→ WHAT YOU WILL DO
The answer must be an exact reprint of the lines from the one with "Alquiler Casa Familia" through the final line of the data, with no pictures included.

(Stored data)

= = =

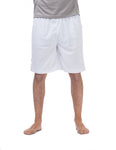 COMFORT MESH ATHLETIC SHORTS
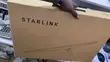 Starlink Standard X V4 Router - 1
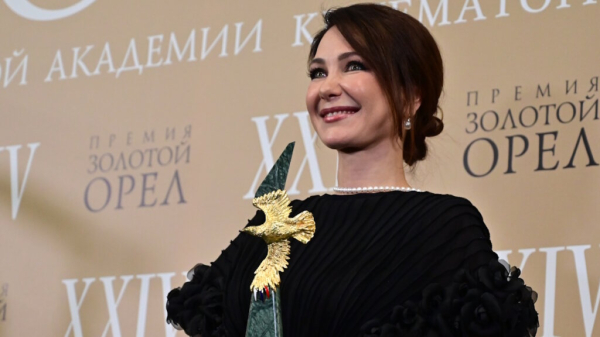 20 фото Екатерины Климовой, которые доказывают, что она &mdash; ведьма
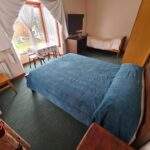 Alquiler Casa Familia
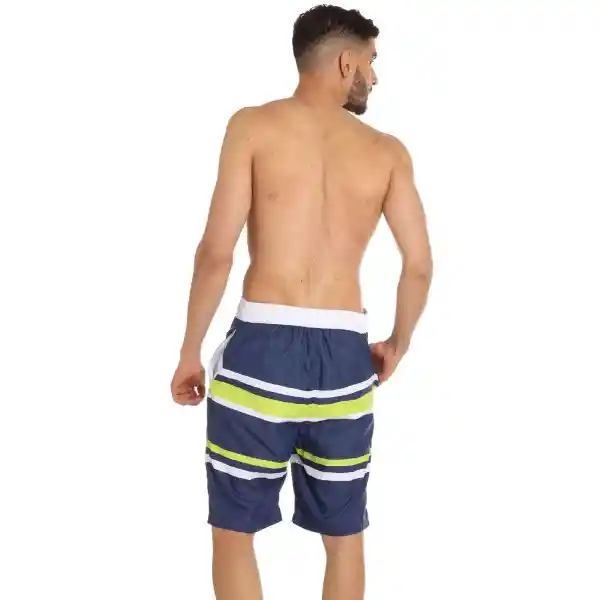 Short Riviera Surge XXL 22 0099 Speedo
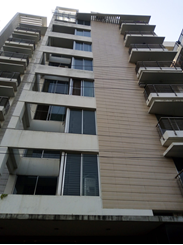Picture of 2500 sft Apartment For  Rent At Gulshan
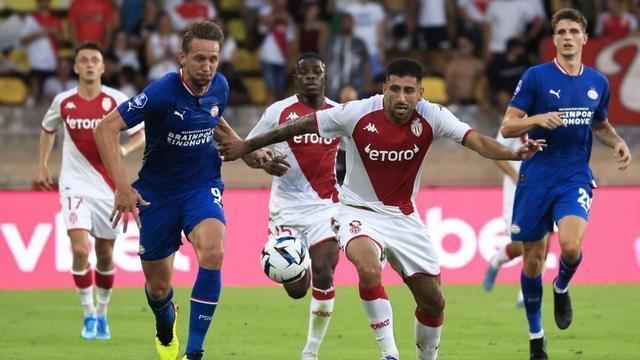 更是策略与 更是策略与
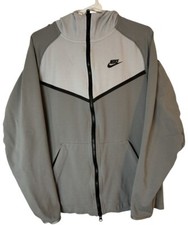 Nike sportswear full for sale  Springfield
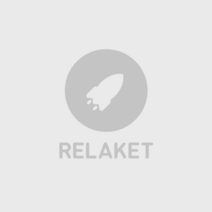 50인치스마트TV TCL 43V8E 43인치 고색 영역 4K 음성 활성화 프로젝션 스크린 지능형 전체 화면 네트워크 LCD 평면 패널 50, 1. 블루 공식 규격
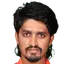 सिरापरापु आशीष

= = =

→ FINAL ANSWER
 Alquiler Casa Familia
 Short Riviera Surge XXL 22 0099 Speedo
Picture of 2500 sft Apartment For  Rent At Gulshan
 更是策略与 更是策略与
 Nike sportswear full for sale  Springfield
 50인치스마트TV TCL 43V8E 43인치 고색 영역 4K 음성 활성화 프로젝션 스크린 지능형 전체 화면 네트워크 LCD 평면 패널 50, 1. 블루 공식 규격
 सिरापरापु आशीष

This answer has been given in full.